Showing posts with label FBI. Show all posts
Showing posts with label FBI. Show all posts

Friday, March 23, 2007

The American Stasi

You may recall that the FBI has recently been found to have abused one of its Patriot Act powers by issuing National Security Letters (essentially subpoenas but without the piddling detail of court approval) without following even the very loose requirements of the Act. Between 2003 and 2005 the FBI issued over 140,000 of them.

I'd like to highlight a fascinating letter in today's Washington Post written by a person who was issued one of those letters, someone who remains anonymous, because, like all such persons, he continues to be compelled to refrain from revealing his identity because of a gag order forbidding him to reveal any details of the situation to anybody.

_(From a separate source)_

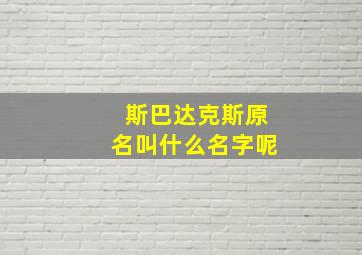 斯巴达克斯原名叫什么名字呢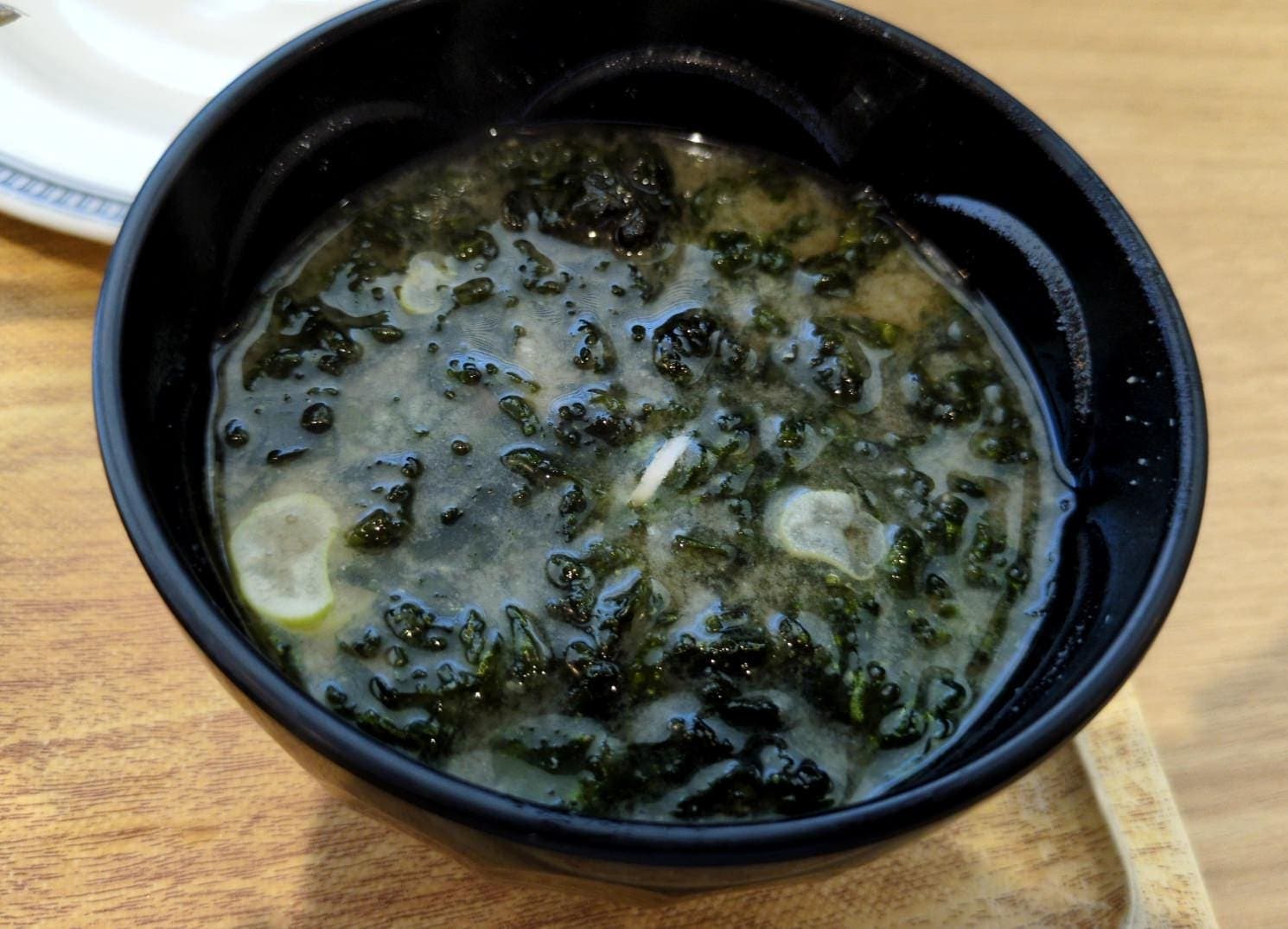 レストランみなと食堂　極海苔弁定食　味噌汁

Three years ago, I received a national security letter (NSL) in my capacity as the president of a small Internet access and consulting business. The letter ordered me to provide sensitive information about one of my clients. There was no indication that a judge had reviewed or approved the letter, and it turned out that none had. The letter came with a gag provision that prohibited me from telling anyone, including my client, that the FBI was seeking this information. Based on the context of the demand -- a context that the FBI still won't let me discuss publicly -- I suspected that the FBI was abusing its power and that the letter sought information to which the FBI was not entitled.


Given his doubts, Mr. Doe went to the ACLU who took up his case, with the effect that he never complied to the NSL, which, um, request, has since been dropped after all. It seems that Mr. Doe's potential information wasn't quite so vital to national security after all.

Most interesting to me are the effects of the gag order under which Mr. Doe continues to toil.

Living under the gag order has been stressful and surreal. Under the threat of criminal prosecution, I must hide all aspects of my involvement in the case -- including the mere fact that I received an NSL -- from my colleagues, my family and my friends. When I meet with my attorneys I cannot tell my girlfriend where I am going or where I have been. I hide any papers related to the case in a place where she will not look. When clients and friends ask me whether I am the one challenging the constitutionality of the NSL statute, I have no choice but to look them in the eye and lie.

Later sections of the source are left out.